━━━━━ SUPPLIED RECORDS
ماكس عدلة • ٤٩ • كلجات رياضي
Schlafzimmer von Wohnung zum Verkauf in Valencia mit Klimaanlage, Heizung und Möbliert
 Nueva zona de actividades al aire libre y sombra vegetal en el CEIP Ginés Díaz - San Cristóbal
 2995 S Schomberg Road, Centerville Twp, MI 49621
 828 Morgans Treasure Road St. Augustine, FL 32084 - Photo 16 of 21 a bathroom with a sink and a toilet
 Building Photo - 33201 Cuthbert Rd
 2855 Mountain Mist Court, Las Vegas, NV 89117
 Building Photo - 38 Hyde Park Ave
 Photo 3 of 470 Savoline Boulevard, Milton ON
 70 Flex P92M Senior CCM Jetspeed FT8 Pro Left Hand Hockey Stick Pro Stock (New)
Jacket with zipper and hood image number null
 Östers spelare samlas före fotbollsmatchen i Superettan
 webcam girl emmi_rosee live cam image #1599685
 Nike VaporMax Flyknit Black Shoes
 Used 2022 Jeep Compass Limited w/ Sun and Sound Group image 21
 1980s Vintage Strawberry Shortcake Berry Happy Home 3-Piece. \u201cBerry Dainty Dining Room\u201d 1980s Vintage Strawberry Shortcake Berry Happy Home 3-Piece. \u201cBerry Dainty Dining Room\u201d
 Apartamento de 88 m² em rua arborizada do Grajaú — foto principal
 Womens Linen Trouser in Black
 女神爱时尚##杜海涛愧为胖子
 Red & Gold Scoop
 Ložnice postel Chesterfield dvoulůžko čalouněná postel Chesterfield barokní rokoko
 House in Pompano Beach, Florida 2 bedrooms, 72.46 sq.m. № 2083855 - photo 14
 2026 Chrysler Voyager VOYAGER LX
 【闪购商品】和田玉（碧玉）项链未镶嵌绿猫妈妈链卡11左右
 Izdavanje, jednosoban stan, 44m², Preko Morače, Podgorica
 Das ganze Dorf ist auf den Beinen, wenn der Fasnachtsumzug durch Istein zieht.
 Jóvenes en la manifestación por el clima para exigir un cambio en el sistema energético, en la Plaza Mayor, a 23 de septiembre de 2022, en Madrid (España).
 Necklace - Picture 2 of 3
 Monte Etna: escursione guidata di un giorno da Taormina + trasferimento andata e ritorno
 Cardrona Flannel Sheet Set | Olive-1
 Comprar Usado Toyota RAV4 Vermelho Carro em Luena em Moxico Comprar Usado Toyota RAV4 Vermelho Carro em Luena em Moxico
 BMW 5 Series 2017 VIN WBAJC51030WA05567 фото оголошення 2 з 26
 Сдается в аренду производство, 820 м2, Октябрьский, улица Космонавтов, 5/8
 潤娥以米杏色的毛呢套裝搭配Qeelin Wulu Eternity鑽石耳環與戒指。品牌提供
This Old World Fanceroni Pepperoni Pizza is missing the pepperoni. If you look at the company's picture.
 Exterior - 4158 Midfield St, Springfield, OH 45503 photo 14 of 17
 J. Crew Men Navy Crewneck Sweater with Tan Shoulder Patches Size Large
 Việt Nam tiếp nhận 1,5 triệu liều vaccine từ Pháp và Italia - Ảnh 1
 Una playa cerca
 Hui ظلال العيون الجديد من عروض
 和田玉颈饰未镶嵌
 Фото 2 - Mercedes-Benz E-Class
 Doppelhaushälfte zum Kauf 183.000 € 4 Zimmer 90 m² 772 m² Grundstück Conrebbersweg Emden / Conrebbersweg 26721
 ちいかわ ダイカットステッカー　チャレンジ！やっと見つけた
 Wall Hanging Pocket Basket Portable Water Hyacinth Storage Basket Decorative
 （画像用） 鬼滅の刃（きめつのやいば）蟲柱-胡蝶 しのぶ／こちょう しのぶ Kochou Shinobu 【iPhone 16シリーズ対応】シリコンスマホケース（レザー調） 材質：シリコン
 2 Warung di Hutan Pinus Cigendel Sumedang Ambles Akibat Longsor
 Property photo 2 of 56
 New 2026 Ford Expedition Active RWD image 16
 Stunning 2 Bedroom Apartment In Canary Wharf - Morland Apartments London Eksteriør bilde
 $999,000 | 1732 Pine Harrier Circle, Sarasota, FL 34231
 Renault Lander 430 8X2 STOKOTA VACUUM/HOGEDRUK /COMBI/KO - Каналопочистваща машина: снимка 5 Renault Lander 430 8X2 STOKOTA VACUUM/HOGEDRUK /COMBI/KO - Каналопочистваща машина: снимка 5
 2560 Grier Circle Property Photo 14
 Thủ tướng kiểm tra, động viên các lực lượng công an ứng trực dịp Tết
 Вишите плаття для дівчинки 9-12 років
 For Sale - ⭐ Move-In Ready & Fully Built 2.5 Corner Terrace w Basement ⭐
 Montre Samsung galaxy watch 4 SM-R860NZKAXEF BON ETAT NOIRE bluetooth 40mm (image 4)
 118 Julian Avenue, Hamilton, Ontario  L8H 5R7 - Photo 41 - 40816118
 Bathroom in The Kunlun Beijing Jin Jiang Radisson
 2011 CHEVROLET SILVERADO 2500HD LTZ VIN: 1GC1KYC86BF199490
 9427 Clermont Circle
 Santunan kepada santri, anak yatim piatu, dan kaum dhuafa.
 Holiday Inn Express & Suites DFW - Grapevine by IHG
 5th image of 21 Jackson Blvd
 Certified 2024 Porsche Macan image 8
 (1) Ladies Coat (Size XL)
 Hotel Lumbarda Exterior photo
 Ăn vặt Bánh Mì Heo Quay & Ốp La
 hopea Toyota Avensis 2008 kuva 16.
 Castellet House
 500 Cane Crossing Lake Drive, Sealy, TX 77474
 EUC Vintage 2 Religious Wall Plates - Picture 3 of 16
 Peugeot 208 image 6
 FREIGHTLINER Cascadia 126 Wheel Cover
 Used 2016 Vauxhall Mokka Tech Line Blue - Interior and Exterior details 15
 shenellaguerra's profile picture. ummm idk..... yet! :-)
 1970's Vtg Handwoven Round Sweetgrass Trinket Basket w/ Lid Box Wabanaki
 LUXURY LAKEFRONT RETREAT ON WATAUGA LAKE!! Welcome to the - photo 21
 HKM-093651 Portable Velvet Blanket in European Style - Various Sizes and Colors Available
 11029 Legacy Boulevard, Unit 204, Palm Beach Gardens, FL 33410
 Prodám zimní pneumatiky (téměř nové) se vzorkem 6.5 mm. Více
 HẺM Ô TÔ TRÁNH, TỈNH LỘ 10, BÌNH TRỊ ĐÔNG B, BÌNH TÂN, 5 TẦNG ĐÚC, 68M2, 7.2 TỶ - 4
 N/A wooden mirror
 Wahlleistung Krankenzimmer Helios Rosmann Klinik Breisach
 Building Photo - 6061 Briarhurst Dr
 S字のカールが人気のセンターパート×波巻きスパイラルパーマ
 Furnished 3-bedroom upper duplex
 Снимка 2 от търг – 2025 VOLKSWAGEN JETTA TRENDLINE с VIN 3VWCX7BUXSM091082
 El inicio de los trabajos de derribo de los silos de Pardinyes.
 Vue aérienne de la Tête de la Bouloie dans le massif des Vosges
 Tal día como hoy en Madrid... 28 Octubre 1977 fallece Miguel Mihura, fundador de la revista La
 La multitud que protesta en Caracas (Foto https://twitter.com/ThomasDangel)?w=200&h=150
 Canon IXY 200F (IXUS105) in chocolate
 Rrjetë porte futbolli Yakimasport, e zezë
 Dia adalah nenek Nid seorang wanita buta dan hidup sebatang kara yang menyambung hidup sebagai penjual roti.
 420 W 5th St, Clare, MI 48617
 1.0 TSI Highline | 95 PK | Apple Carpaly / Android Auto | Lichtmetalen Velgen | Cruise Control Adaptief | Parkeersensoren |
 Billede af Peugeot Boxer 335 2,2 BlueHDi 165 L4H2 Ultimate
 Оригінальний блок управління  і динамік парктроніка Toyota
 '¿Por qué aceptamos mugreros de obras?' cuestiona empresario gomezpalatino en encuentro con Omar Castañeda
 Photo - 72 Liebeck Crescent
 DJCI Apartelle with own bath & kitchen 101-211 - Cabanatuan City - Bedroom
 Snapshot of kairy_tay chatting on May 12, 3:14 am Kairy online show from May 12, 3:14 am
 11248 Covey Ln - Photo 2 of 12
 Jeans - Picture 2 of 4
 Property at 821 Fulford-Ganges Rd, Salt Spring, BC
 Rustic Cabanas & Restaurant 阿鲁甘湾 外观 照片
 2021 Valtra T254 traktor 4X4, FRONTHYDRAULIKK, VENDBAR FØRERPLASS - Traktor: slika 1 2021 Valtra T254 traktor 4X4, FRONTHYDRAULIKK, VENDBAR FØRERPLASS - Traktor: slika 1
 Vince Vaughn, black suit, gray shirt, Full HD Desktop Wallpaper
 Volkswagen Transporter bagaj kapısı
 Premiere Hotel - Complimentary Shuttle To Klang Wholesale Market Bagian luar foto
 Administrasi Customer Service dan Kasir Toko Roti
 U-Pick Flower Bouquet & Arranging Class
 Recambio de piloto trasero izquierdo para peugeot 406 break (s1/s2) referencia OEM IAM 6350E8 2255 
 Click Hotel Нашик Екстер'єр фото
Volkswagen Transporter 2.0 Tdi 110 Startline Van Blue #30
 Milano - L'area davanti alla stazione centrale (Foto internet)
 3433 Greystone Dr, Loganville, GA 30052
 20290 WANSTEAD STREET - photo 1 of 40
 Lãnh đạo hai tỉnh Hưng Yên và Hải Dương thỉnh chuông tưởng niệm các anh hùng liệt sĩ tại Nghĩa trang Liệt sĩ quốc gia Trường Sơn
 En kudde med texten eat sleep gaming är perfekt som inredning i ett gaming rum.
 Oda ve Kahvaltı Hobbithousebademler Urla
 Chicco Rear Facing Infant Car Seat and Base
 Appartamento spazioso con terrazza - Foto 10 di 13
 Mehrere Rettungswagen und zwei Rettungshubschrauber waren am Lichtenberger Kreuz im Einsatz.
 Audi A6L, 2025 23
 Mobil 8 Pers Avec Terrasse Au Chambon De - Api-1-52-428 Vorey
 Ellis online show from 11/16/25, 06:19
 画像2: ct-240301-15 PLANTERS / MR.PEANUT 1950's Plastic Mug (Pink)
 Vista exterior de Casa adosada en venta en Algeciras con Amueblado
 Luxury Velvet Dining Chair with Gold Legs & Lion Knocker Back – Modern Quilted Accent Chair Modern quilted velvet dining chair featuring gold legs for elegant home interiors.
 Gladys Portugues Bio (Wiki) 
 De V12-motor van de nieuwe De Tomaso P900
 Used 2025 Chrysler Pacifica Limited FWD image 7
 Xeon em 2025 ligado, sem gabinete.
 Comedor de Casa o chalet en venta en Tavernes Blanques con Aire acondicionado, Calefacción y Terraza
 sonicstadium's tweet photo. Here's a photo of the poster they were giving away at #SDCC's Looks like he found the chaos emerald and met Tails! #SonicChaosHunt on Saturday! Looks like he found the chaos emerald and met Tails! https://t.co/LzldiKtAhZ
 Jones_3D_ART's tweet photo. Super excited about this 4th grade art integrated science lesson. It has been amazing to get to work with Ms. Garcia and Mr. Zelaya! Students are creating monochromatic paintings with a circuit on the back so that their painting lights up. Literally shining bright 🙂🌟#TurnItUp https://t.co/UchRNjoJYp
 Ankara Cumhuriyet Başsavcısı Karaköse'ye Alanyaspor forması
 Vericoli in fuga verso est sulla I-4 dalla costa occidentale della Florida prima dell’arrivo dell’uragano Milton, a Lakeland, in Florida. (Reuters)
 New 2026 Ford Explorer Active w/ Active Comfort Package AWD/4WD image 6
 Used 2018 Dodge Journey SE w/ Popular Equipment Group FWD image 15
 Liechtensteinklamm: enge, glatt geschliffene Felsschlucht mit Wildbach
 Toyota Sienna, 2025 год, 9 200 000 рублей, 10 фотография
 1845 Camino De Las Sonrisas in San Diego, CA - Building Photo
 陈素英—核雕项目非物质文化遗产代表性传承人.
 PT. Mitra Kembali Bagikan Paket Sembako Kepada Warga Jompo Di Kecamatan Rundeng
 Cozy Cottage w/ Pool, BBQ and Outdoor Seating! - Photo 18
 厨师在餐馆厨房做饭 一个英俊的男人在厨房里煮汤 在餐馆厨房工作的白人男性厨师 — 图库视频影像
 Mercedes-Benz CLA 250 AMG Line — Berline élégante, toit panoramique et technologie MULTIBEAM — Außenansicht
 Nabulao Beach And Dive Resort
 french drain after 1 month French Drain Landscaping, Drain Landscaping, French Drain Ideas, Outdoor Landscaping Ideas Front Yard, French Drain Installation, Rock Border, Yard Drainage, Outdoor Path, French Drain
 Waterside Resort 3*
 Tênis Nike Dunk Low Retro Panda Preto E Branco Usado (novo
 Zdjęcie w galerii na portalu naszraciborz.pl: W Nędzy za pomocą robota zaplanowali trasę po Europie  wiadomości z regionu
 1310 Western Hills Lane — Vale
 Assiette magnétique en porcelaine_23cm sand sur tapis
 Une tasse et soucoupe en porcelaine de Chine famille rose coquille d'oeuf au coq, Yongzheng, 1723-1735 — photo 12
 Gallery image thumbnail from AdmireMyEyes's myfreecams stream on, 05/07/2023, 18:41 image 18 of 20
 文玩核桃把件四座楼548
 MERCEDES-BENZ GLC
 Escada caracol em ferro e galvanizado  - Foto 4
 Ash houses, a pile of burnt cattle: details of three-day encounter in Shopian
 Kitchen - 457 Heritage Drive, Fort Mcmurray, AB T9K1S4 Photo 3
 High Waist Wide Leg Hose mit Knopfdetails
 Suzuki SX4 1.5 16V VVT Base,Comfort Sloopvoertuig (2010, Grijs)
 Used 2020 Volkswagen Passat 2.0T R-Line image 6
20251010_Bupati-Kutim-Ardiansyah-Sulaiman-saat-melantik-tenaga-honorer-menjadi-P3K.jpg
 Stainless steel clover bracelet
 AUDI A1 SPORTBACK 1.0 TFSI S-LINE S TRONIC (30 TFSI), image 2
━━━━━━━━━━
### BRIEF
From the records above, pull every line that has the string "para" and copy it.

### EXERCISE RESPONSE
 Jóvenes en la manifestación por el clima para exigir un cambio en el sistema energético, en la Plaza Mayor, a 23 de septiembre de 2022, en Madrid (España).
 Recambio de piloto trasero izquierdo para peugeot 406 break (s1/s2) referencia OEM IAM 6350E8 2255 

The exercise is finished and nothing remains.